Updated – Get SharePoint List Data … Fast

While storing your data in a database is recommended, many citizen developers do not have the access or skills to create databases. As a result, many valuable business solutions are based on top of SharePoint Lists, and all that data needs to be analyzed too. A previous post shared some M code to pull data from SharePoint lists faster than the native connector (especially V1). Please read that article to get all the context, as this post is only to explain and address two gaps in the previous code (highlighted in comments, and my own experience with it):

  1. The query does not allow Scheduled Refresh in the Power BI Service
  2. Duplicate items are returned for lists with deleted items

These two issues are addressed in the M code below. Actually, two versions are provided. Both are provided in case one is more easily adaptable to your use case. Also, while the first may be slightly faster, the List.Generate approach is more elegant (so I wanted to share that one too). Like before there are commented lines of code to demonstrate the needed syntax for different scenarios (e.g., when you need to expand data from Person and/or Lookup columns).

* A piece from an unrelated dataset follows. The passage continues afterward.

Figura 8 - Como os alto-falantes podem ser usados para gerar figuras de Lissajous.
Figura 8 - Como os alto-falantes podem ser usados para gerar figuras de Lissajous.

The first issue was straight forward to address, as it is a problem many users pulling web data face. Scheduled Refresh does not allow for dynamic sources, so the updated code below uses the RelativePath option in Web.Contents. This keeps the base url static for authentication, while the RelativePath updates dynamically. Note that when first setting up Scheduled Refresh, it may be necessary to check the "Skip Test Connection" box to get it to work.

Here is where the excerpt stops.